WHAT THE EXERCISE ASKS —
In the records below, reproduce exactly the lines from the one containing "Electric Radiator Standard 12 R sections" through the one containing "Buy Wild Turkey", both included, and omit the pictures.

─── SOURCE RECORDS

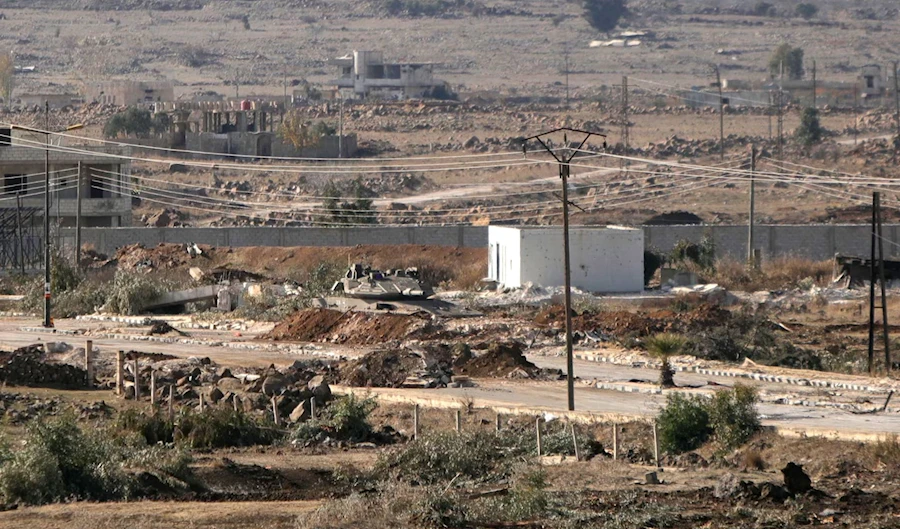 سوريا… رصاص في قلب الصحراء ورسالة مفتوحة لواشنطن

──────
─── SOURCE RECORDS

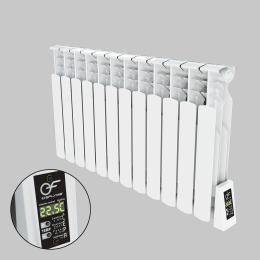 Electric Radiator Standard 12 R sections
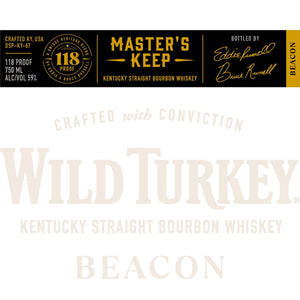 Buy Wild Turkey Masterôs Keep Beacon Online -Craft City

──────
─── SOURCE RECORDS

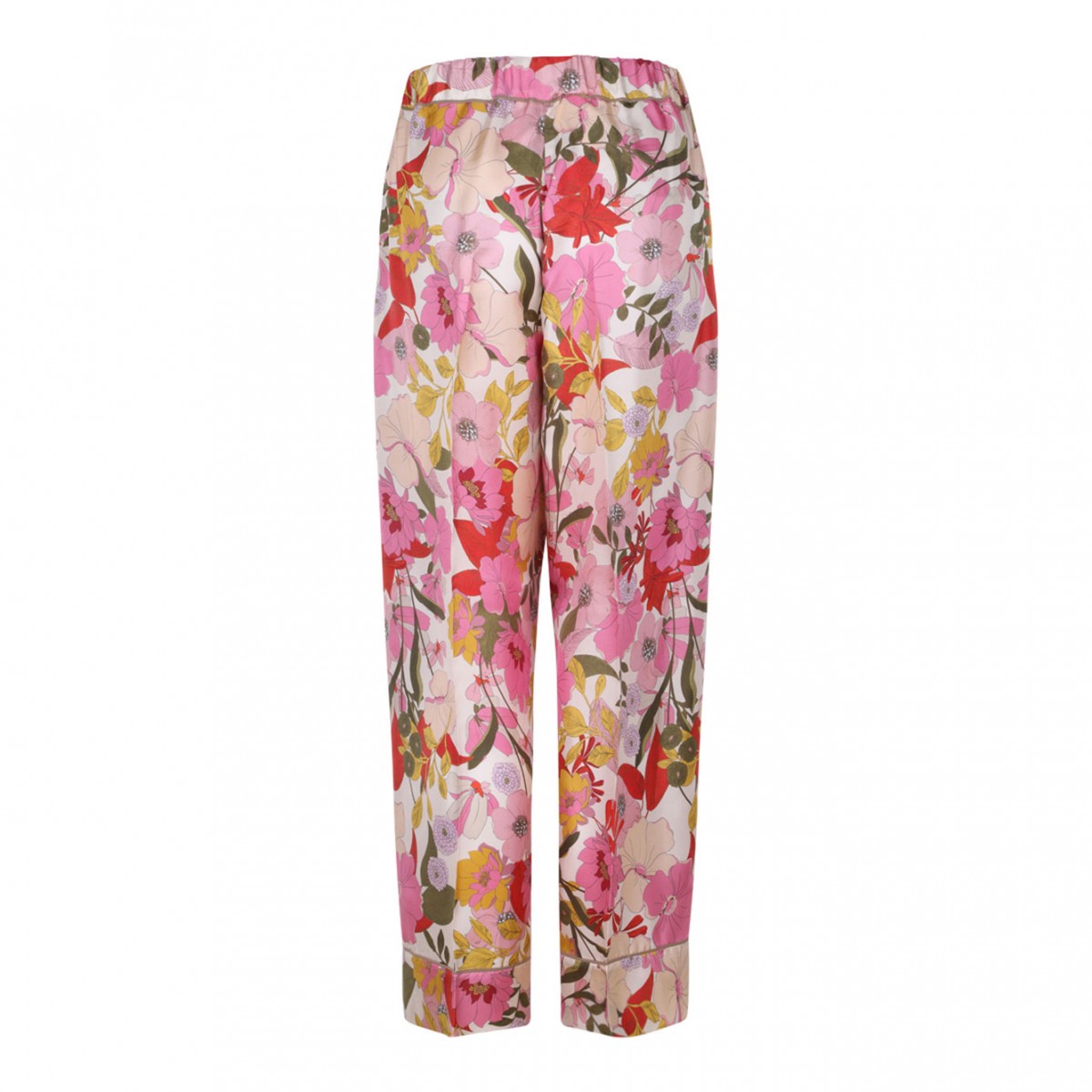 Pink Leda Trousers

──────

RESPONSE BOX —
 Electric Radiator Standard 12 R sections
 Buy Wild Turkey Masterôs Keep Beacon Online -Craft City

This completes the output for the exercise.